Bayangkan! Karena memang baru bisa membayangkan. Padahal aturan hukumnya sudah resmi ada sejak 2014. Namun setelah 11 tahun berjalan, aturan itu hanya canggih di atas kertas. Padahal bunyi aturannya sangat jelas di Pasal 15 Ayat (3) UU No. 2/2014 tentang Jabata Notaris (UUJN). “Selain kewenangan sebagaimana dimaksud pada ayat (1) dan ayat (2), Notaris mempunyai kewenangan lain yang diatur dalam peraturan perundang- undangan.” Penjelasan resminya: “Yang dimaksud dengan “kewenangan lain yang diatur dalam peraturan perundang-undangan”, antara lain, kewenangan mensertifikasi (mestinya menyertifikasi, Red.) transaksi yang dilakukan secara elektronik (cyber notary), membuat akta ikrar wakaf, dan hipotek pesawat terbang.” Berarti selain kewenangan membuat akta, juga diberi kewenangan lain, antara lain cyber notary.
Kewenangan cyber notary ini tak pernah menjadi kenyataan, karena peraturan yang melengkapinya tak pernah diterbitkan.
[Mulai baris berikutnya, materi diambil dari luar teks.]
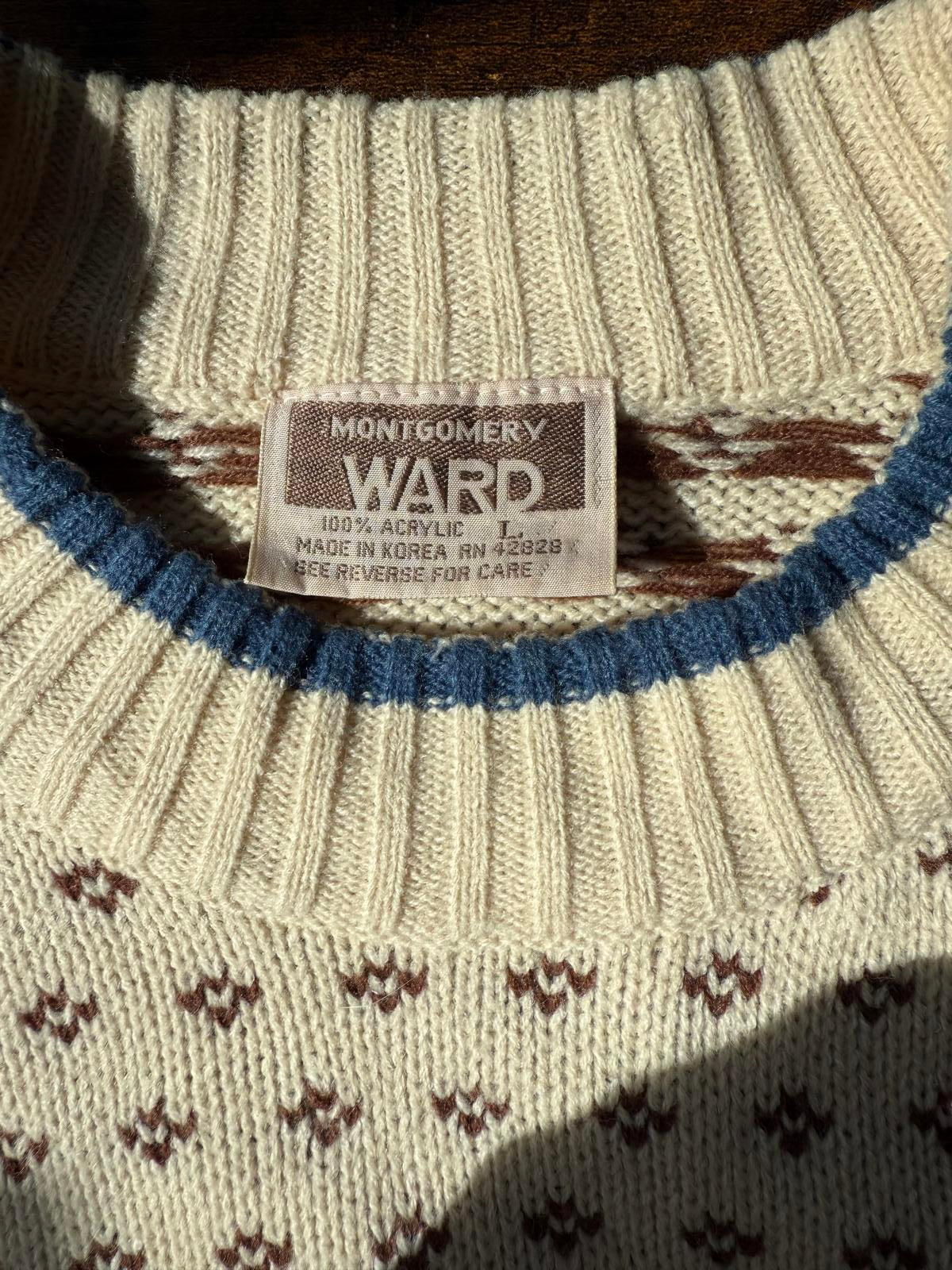 🧶 Vintage Montgomery Ward Fair Isle Sweater – Made in Korea – Size Large NUM12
Bahkan dalam UU ITE, UU Perseroan Terbatas, dan KUH Perdata, bahkan UUJN sendiri turut menghambat pelaksanannya. Titik utama problemnya pada asas berbahasa Latin yang selalu dipegang erat oleh dunia notaris Indonesia. Yakni, asas Tabellionis Officium Fideliter Exercebo. Bunyinya keren. Tetapi terjadi kejumudan dalam penafsirannya. Karena dimaknai sebagai “notaris bekerja secara tradisional”.
Asas ini entah kapan lahirnya. Yang jelas jadul. Bahkan, jakun (jaman kuno). Tafsirnya sama kunonya, yakni berpegang erat pada “cara tradisional”. Yang ditafsirkan lebih lanjut, bahwa transaski dengan notaris harus berhadapan fisik, pakai stempel dan tanda tangan basah, berbasis dokumen tertulis (kertas).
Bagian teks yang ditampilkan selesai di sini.